Collected data:
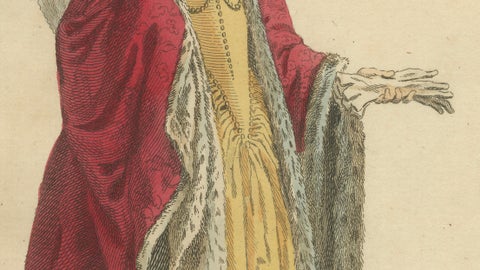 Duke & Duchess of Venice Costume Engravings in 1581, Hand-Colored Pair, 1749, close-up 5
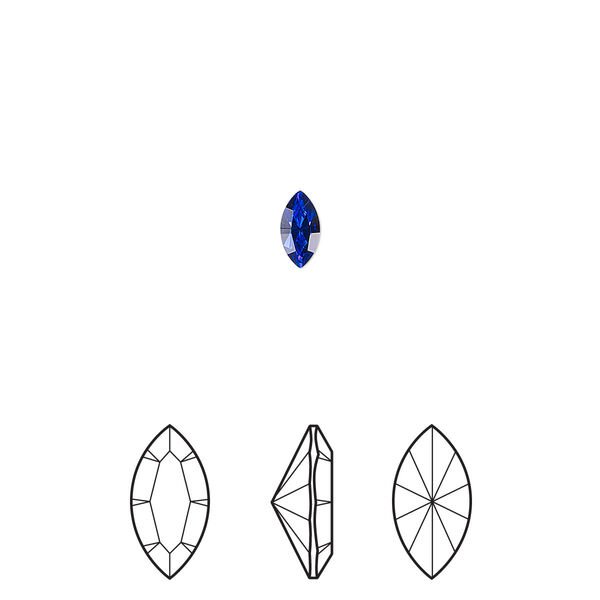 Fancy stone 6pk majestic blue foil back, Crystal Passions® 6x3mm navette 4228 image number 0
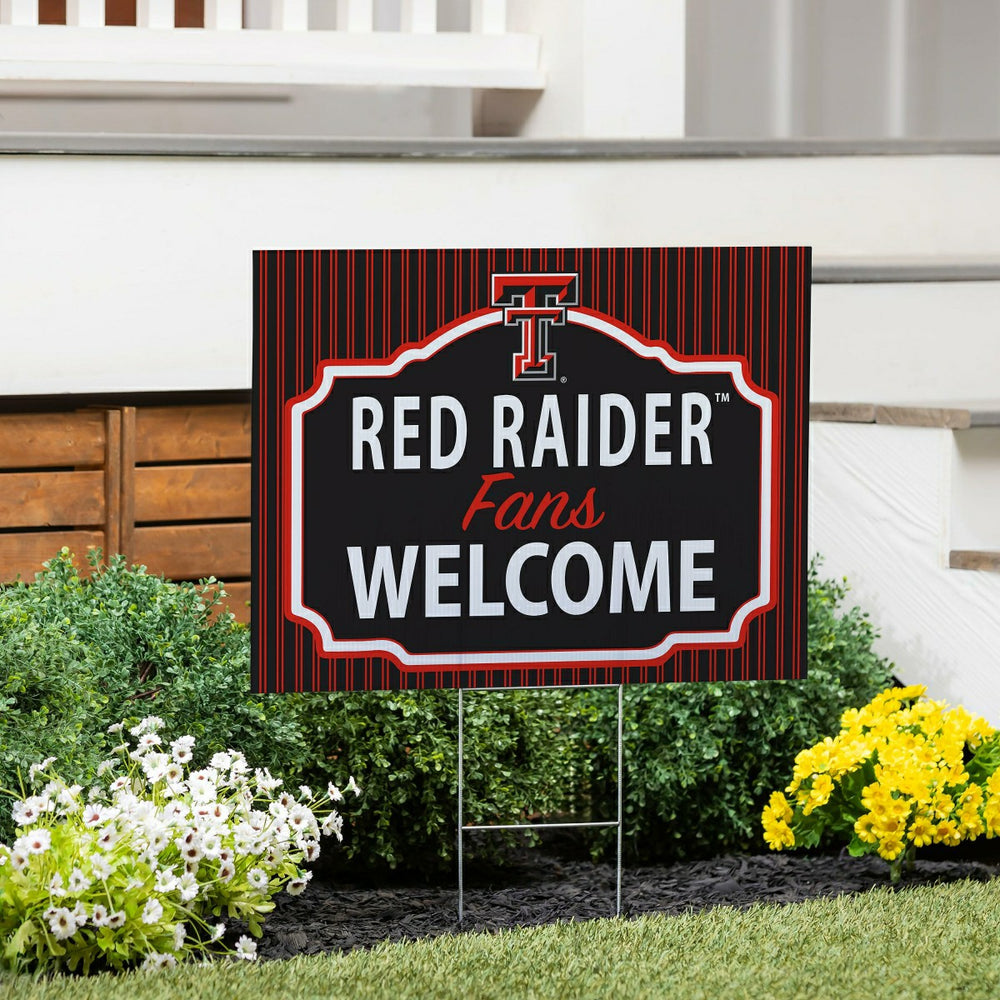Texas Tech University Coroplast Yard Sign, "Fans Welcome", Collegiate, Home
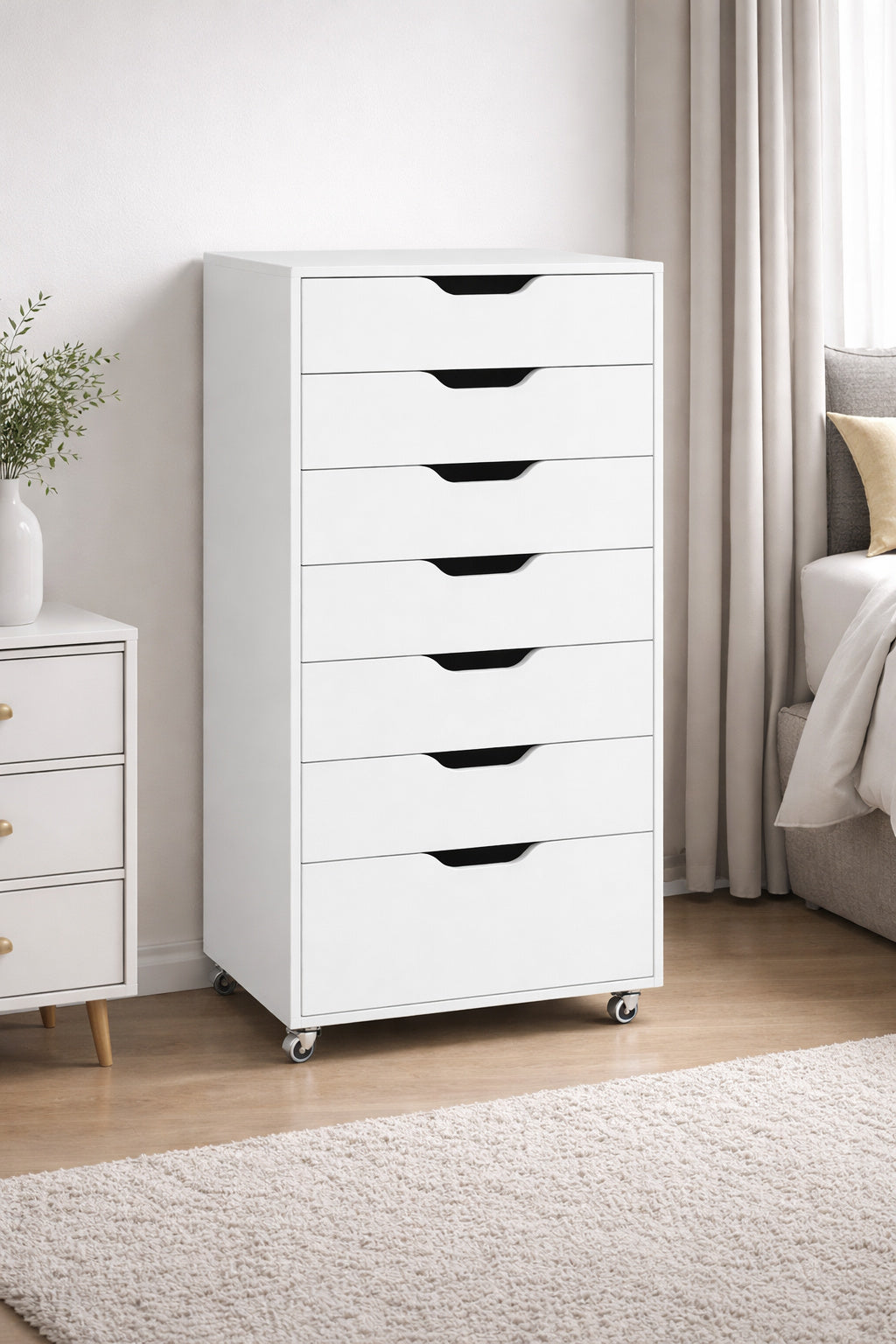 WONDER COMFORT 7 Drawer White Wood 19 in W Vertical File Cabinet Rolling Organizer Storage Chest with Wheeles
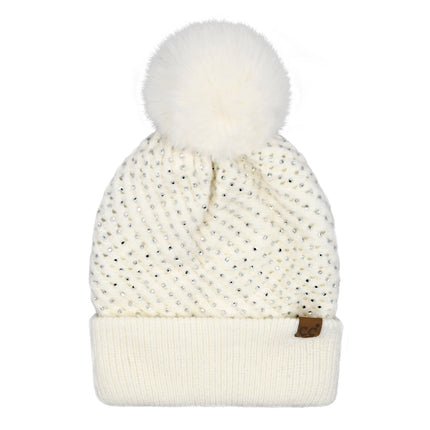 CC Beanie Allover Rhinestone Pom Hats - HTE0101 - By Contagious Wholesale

## What to do
Repeat every line of the data above exactly, but drop the pictures.

## Solution for this task
 Duke & Duchess of Venice Costume Engravings in 1581, Hand-Colored Pair, 1749, close-up 5
 Fancy stone 6pk majestic blue foil back, Crystal Passions® 6x3mm navette 4228 image number 0
Texas Tech University Coroplast Yard Sign, "Fans Welcome", Collegiate, Home
 WONDER COMFORT 7 Drawer White Wood 19 in W Vertical File Cabinet Rolling Organizer Storage Chest with Wheeles
 CC Beanie Allover Rhinestone Pom Hats - HTE0101 - By Contagious Wholesale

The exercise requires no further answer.